Leitsatz

1. Zur Ordnungsmäßigkeit eines Sachverständigengutachtens gehören methodische Qualität und eine zutreffende Erhebung und Dokumentation der Begutachtungsgrundlagen.

2. Ist im Ertragswertverfahren dem schlechten Zustand eines Gebäudes bei Erträgen, Bewirtschaftungskosten und Restnutzungsdauer nicht Rechnung getragen worden, können Instandsetzungskosten durch Abschläge zu berücksichtigen sein. Aus dem Gutachten muss sich jedoch ergeben, wie sich die Mängel und Schäden auf den Verkehrswert auswirken.
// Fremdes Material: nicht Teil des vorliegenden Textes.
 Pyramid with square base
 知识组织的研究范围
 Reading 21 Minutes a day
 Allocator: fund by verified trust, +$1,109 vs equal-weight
3. Je weniger unmittelbare tatsächliche Erkenntnisse des Sachverständigen vorliegen, umso geringer ist der Nachweiswert des Gutachtens.

 

Normenkette

§ 138 Abs. 1 Satz 1, Abs. 3 Satz 1, Abs. 4, § 139, § 145 bis § 150 BewG, §§ 194ff. BauGB, § 7 Abs. 1 Satz 1, § 16 Abs. 4, § 17, § 18 Abs. 4, § 19 Satz 1 WertV, Nr. 1.5.5, Nr. 3.5.8 Sätze 1 und 2, Nr. 3.6.1.1.8 WertR 2006

 

Sachverhalt

Die Mutter M des Klägers schenkte diesem Ende 2007 ein altes, unrenoviertes Miethaus; von 24 Wohneinheiten stand eine leer. Zur Berechnung der Bemessungsgrundlage für die Schenkungsteuer übersandte der Kläger ein Sachverständigengutachten. Der Sachverständige ermittelte einen bereinigten Ertragswert/Verkehrswert von 630.000 EUR, ­indem er vom Ertragswert i.H.v. 800.000 EUR pauschale Kosten für die Beseitigung eines Reparatur­staus von 170.000 EUR abzog. Der Sachverständige hatte das Objekt im Außen- und "exemplarisch" im Innenbereich besichtigt. M habe erklärt, dass sich 16 der 24 Wohneinheiten noch im Urzustand be­funden hätten. Nach überschlägiger Schätzung sei von einem Investitionsbedarf von mindestens 170.000 EUR auszugehen. Auf die 16 Wohnungen entfalle ein Anteil von ca. 116.000 EUR.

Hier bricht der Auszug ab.